The Death of Christian America

Peter Leithart gives a clue. It has to do with ways of relating churches to the culture, coming along side it to use the vernacular of the Vatican, that would wind up devastating the Protestant mainline:

The growth that swelled the mainline during the 1950s was fueled by people looking for “a more relaxed, less legalistic, less dogmatic version of the faith.” Despite numerical growth, the mainline churches didn’t grow “stronger” during the 1950s; their grown “concealed an ongoing weakness that a few years later produced an unprecedently steep decline in membership” (194).

The authors see the drift in the mainline as an accommodation to cultural trends: “The American cultural climate has shifted during the twentieth century in the direction of greater relativism and skepticism in matters of religion, and toward greater degrees of individualism. Acceptance of diversity in belief, lifestyle, and ethnic and racial background has broadened markedly.” Initially promoted by elites, the shift became popular, and “the leadership of the mainline Protestant churches accommodated the shift within their own ranks.” When the Sixties hit, the mainline Protestant churches were already sailing with the same wind that carried the sexual revolution and the challenge to settled authority: “The mainline Protestant churches did not initiate the new shift, but they were unable and unwilling to resist it” (198).

Not surprisingly, Presbyterians lost the next generation: “The children have asked over and over what is distinctive about Presbyterianism – or even about Protestantism – and why they should believe it or cherish it. The answers have apparently not been very clear. Today Presbyterians should not bemoan the lack of faith and church commitment exhibited by their youth, since they have no one to blame but themselves.
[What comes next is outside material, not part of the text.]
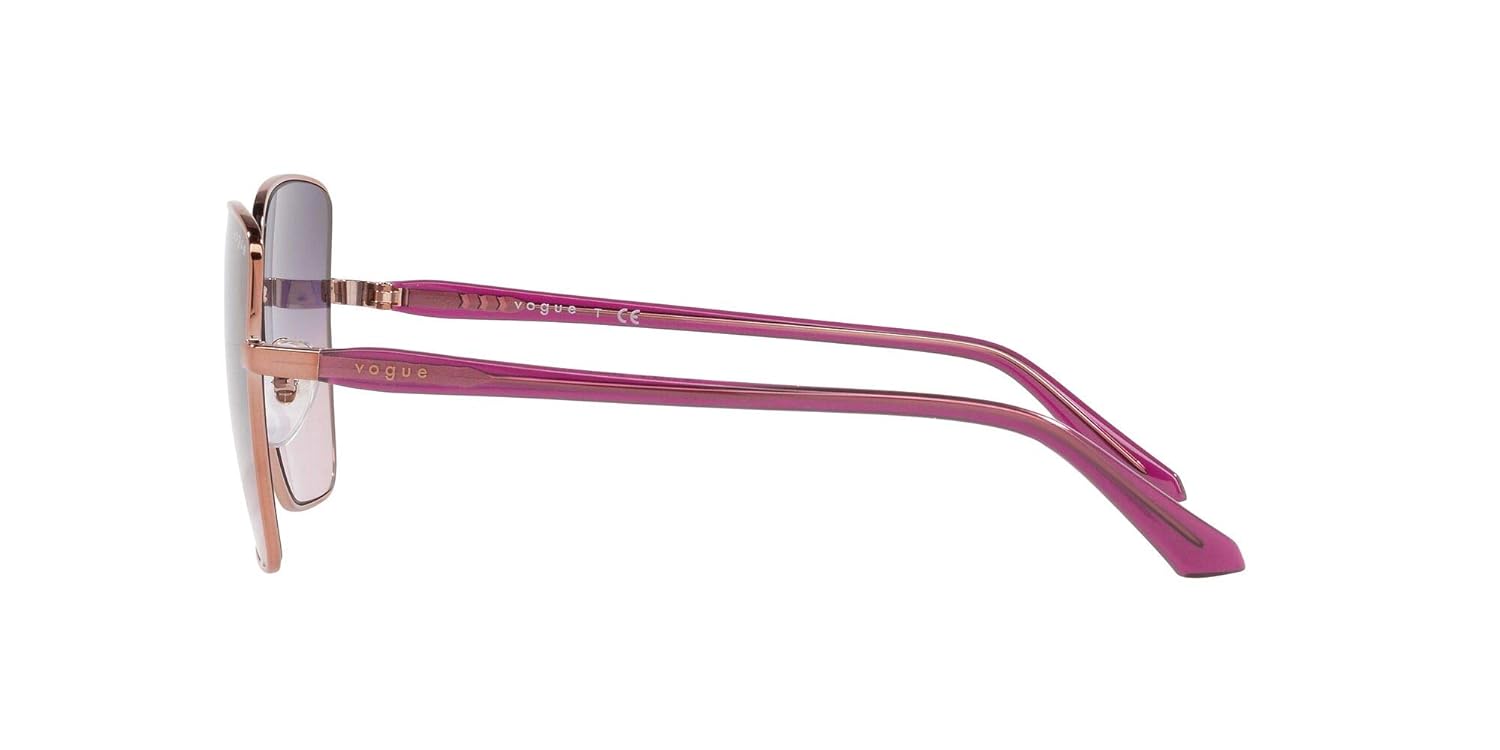Óculos de Sol Vogue Eyewear 0VO4199S 51988G Tam 58 em promoção! Veja a oferta e mais achadinhos de Óculos de sol 4 Hoje é o melhor dia para comprar Óculos de Sol Vogue Eyewear 0VO4199S 51988G Tam 58 com aquele preço maroto! Promoção! Aproveite a oferta! 4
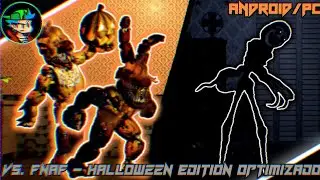 FNF MOD HALLOWEEN FNF 4 OPTIMIZED ANDROID/PC [PSYCH  ENGINE] 9 MB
No outside power forcibly pulled their children away from the faith”

And what happened to the mainline in the 1960s, happened to Roman Catholics in the 1970s once the bishops at Vatican II opened the windows to modern society and hoped for a more relaxed church. (By the way, it could happen to all the folks inspired by TKNY. Some think it already has.)

Once again, it’s the progressives who pave the way for “progress” among Roman Catholics.

Why is it that the more you try to make Christianity relevant, the less Christianity you have left?